To which I got the following response:
Yeah, about that…
This month’s objective is to make an ugly prototype. The point is any time spent making it look “sharp” is time wasted.
Which is not to say these are ugly graphics and the final graphics will blow them away (though maybe. One can ponder.) Rather, these were graphics I had already lying around and used rather than make new ones.
Will they end up in the final game? Time will tell. The Scratch (hero) sprite was intended for use in 8 Lives Left. The Zelda-esque tiles were not, but they certainly fit the bill.
But even if the Zelda-esque field doesn’t make it into the final set, there’s a strong chance the final set will have a similar appearance.
My primary inspiration visually is, quite simply, Link’s Awakening, and the Oracle games built on its engine and polished to a blinding gleam by Capcom.
This is not to say I’ve copied the style. It’s quite obvious I haven’t. But whenever I want to draw something in 8-bit retro pixelart, I first check and see how the Oracle Games drew it, and then I come up with my own solution keeping their solution in mind.
I am operating under different constraints, however. The GBC allowed up to four foreground color palettes and four background color palettes on the screen at a time. Each item or tile had to be one of those eight palettes, and each palette had only three colors, but the available colors to use within those palettes were effectively unlimited.

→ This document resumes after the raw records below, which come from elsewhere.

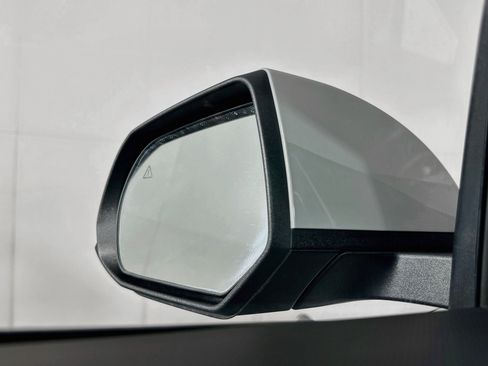 Used 2024 Hyundai Ioniq 5 SEL AWD/4WD image 16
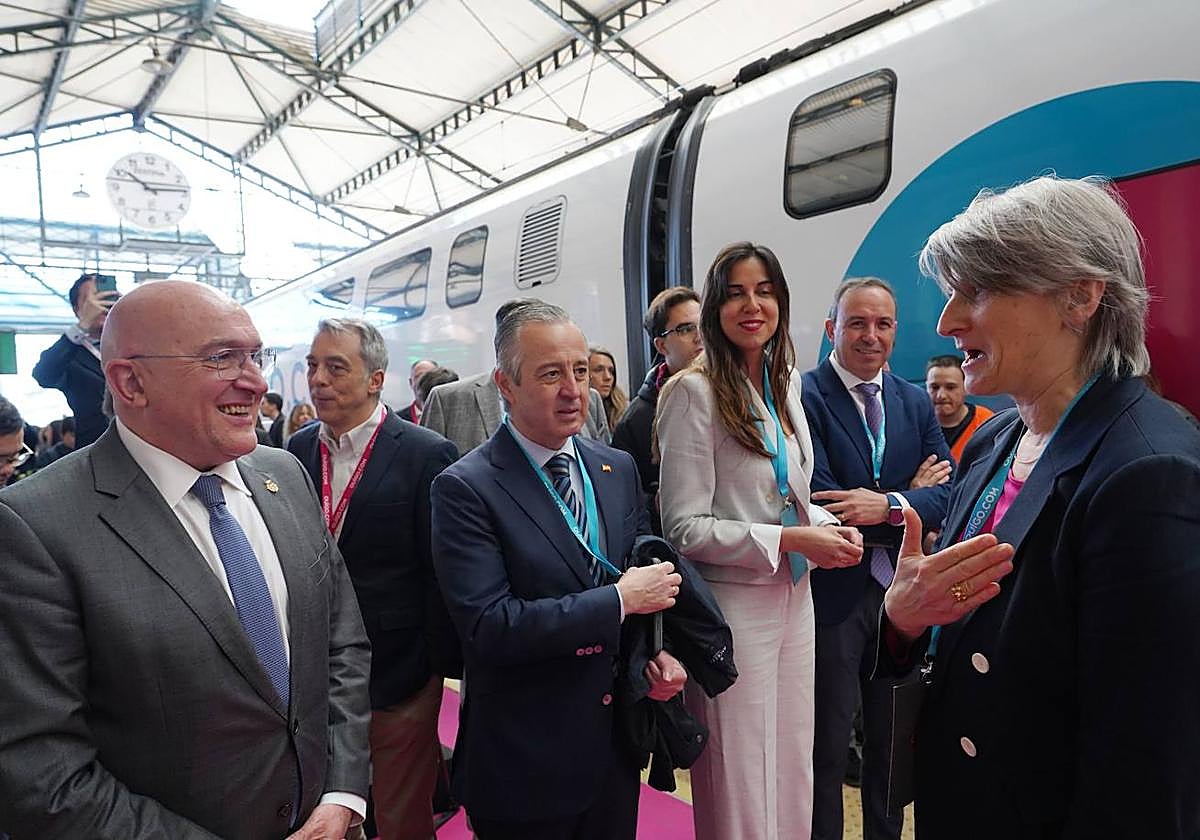 El alcalde de Valladolid Jesús Julio Carnero y la directora general de la compañía, Hélène Valenzuela en la puesta en servicio de la línea de Alta Velocidad entre Madrid-Valladolid operada por Ouigo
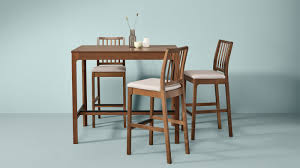 Kos sekitar myr 500 (usd 120) boleh memuatkan 4 buah kerusi makan. Bar Furniture Ikea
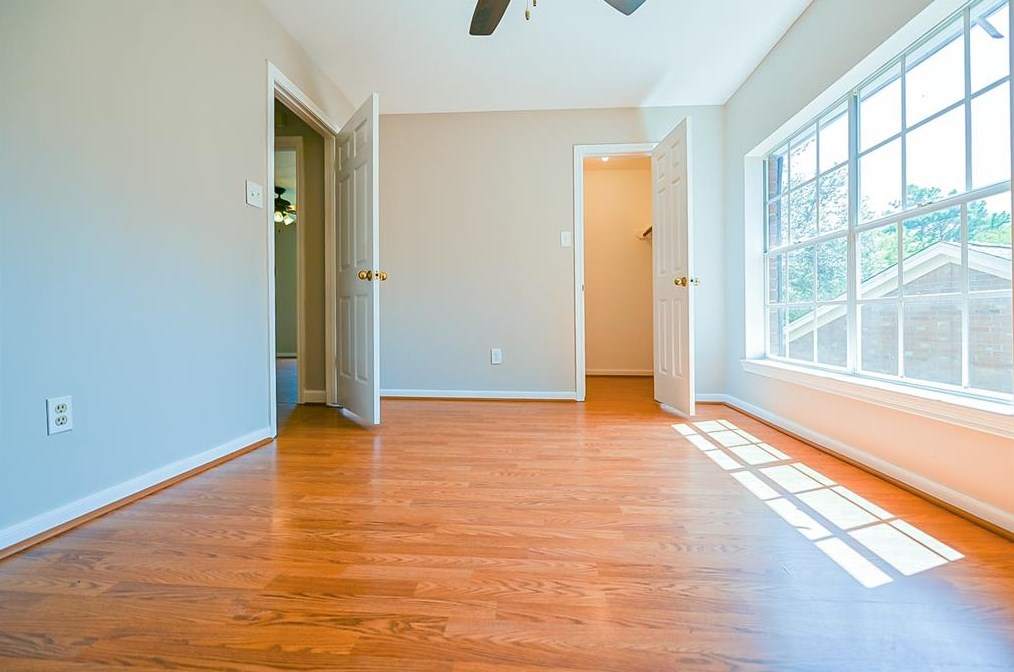 15923 Echo Lodge Dr, Houston TX  77095-4074 exterior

Both Scratch and his background were created using Arne’s 16-Color game palette. No limitations were put in place other than “Each pixel has to be one of these sixteen colors.”
I do use certain conventions. I avoid black and white on background art, reserving them for interactables.
Again, there is no guarantee I’ll use the Arne 16 for the final game. Scratch uses the Arne 16, but he’s a jet black cat, so there’s not a lot of need for colors for him. I will be constraining myself sharply in order to force a style. But it may not be these constraints. I’ll make those calls when it’s time to create the final graphics for the prototype, which will be in March at the earliest.